_Records supplied:_
========================================

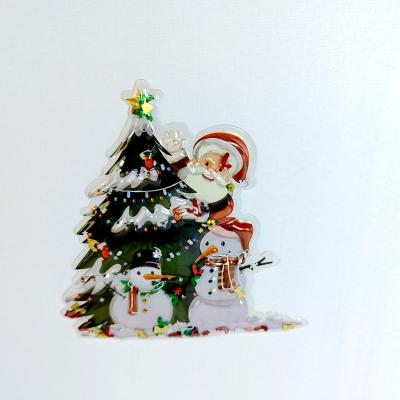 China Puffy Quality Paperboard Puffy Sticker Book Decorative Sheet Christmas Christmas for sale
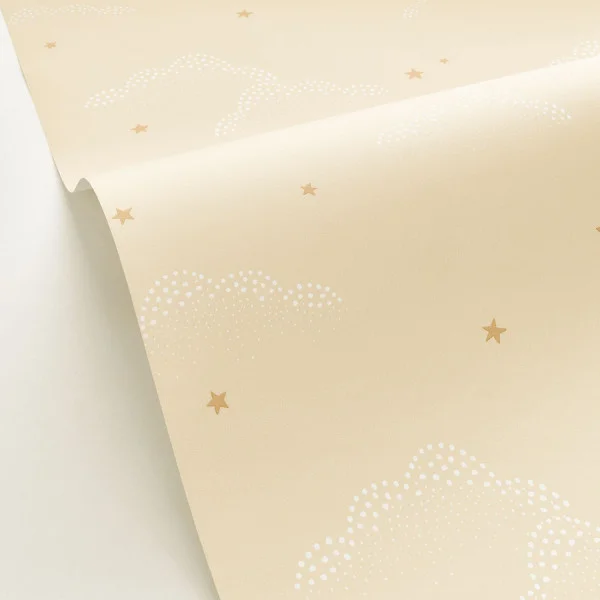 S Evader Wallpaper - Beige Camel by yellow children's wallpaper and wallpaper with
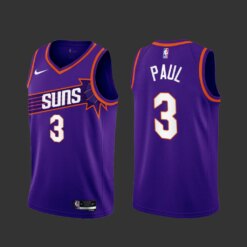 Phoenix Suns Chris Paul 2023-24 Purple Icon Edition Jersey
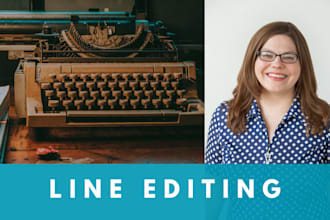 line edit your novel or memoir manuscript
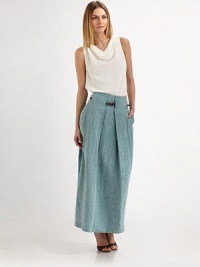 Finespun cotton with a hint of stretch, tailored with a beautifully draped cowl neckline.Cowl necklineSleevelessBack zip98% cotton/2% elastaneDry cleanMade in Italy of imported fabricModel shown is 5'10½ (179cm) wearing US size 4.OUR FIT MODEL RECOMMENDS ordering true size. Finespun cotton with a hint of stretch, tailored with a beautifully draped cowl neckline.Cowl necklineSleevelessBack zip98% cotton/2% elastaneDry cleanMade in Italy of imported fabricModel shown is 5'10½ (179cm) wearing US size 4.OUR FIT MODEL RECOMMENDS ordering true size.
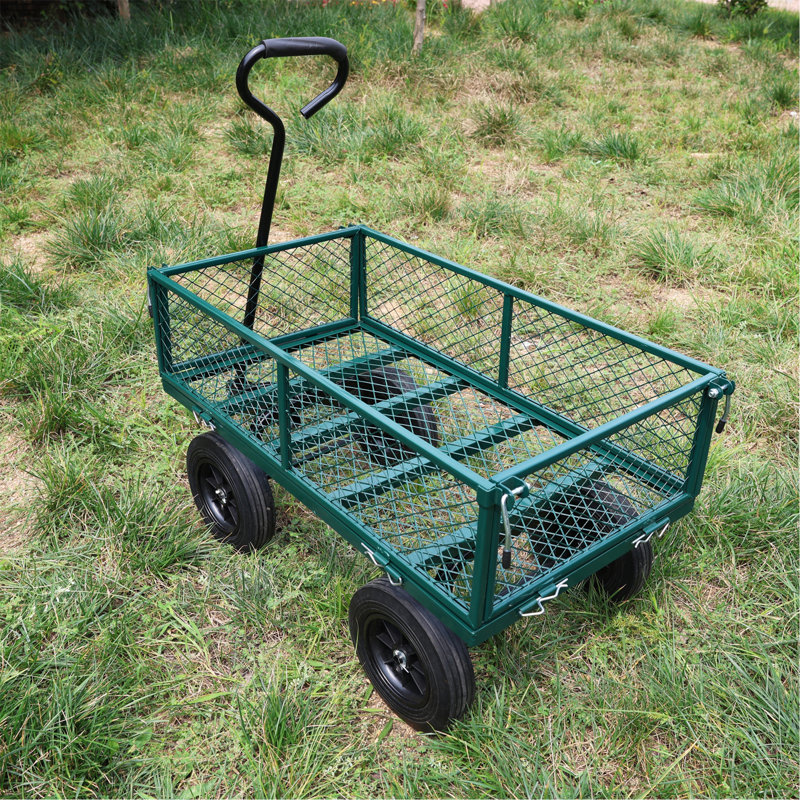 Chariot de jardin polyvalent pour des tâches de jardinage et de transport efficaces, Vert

========================================

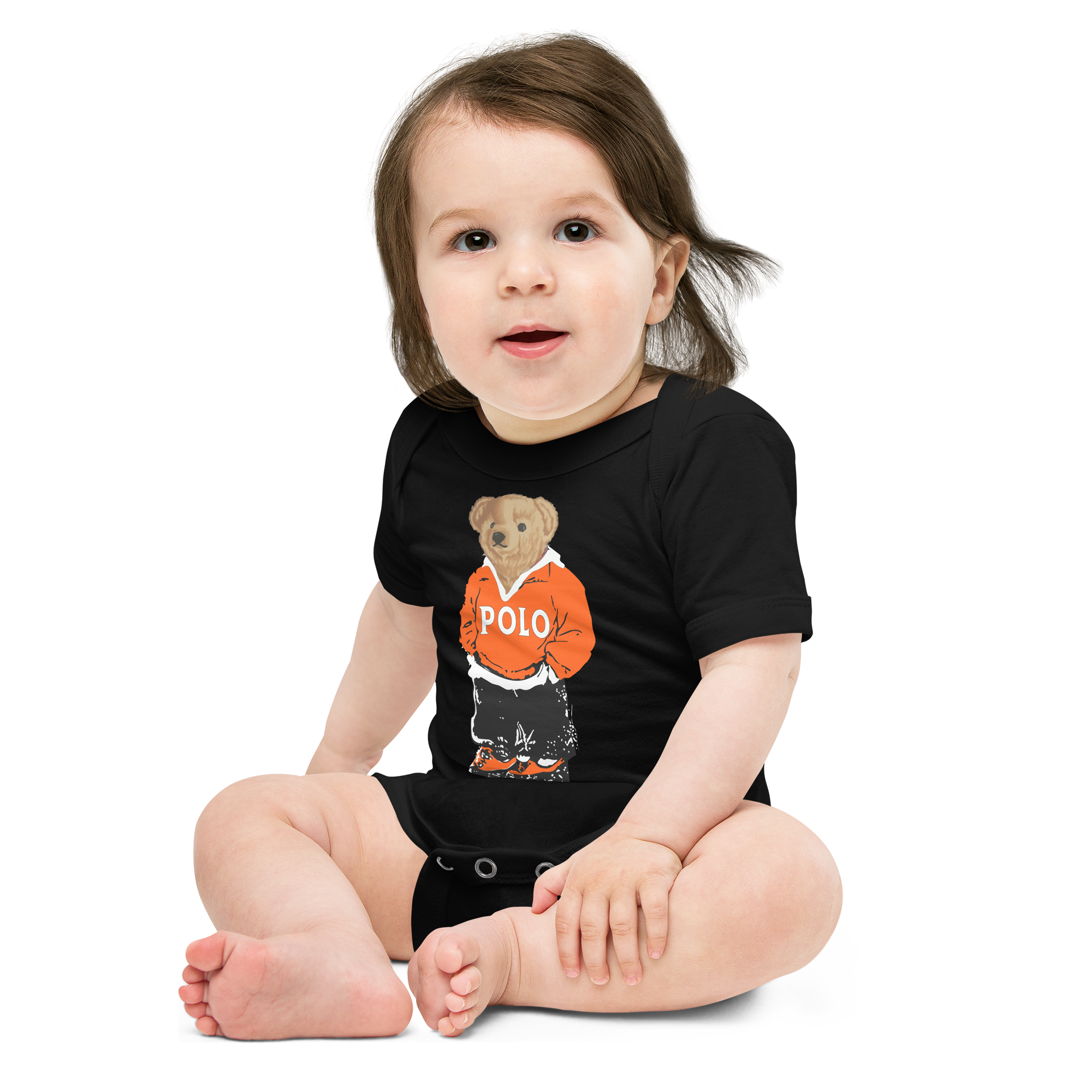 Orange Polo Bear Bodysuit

========================================

_Task prompt:_ For this exercise, set down the lines in the entries above from the one with "Phoenix Suns Chris" through the one with "line edit your novel or memoir manuscript" exactly as written, without any pictures.

_Finished task:_
 Phoenix Suns Chris Paul 2023-24 Purple Icon Edition Jersey
 line edit your novel or memoir manuscript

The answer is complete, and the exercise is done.